(STORED DATA Opens)

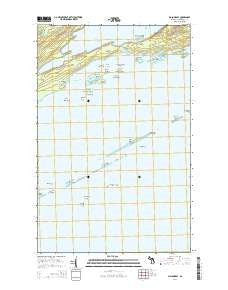 Malone Bay Michigan Historical topographic map, 1:24000 scale, 7.5 X 7.5 Minute, Year 2014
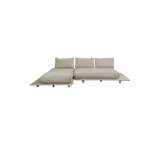 Sticks Platform Modular Sofa with Chaise Lounge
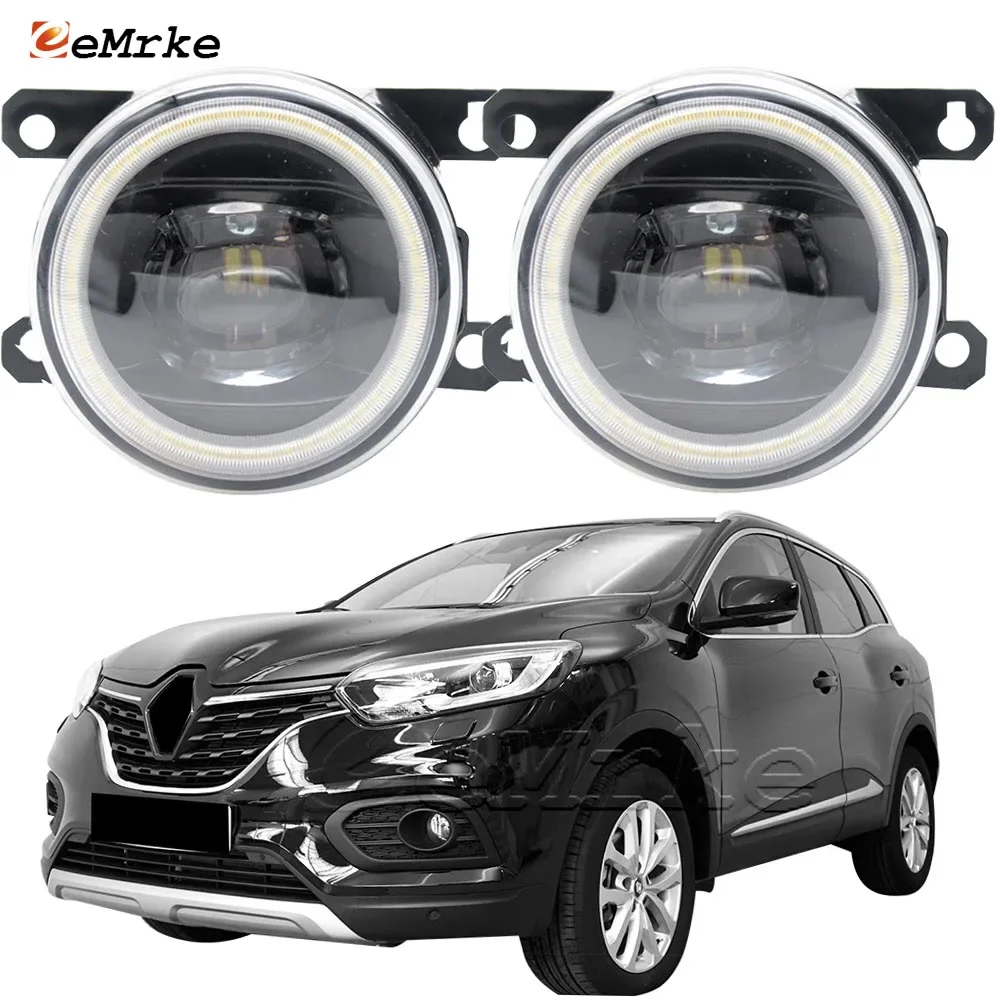 

2Pcs Car Anti Fog Lights Assembly Led Angel Eyes DRL PTF with Lens 15W 12V for Renault Kadjar Equilibre/Limited 2019 2020 2021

(STORED DATA Closes)

◆ **REQUIREMENT**
I would like the data above transcribed exactly, with its pictures left out.

◆ **RESPONSE FOR THIS EXERCISE**
 Malone Bay Michigan Historical topographic map, 1:24000 scale, 7.5 X 7.5 Minute, Year 2014
 Sticks Platform Modular Sofa with Chaise Lounge

2Pcs Car Anti Fog Lights Assembly Led Angel Eyes DRL PTF with Lens 15W 12V for Renault Kadjar Equilibre/Limited 2019 2020 2021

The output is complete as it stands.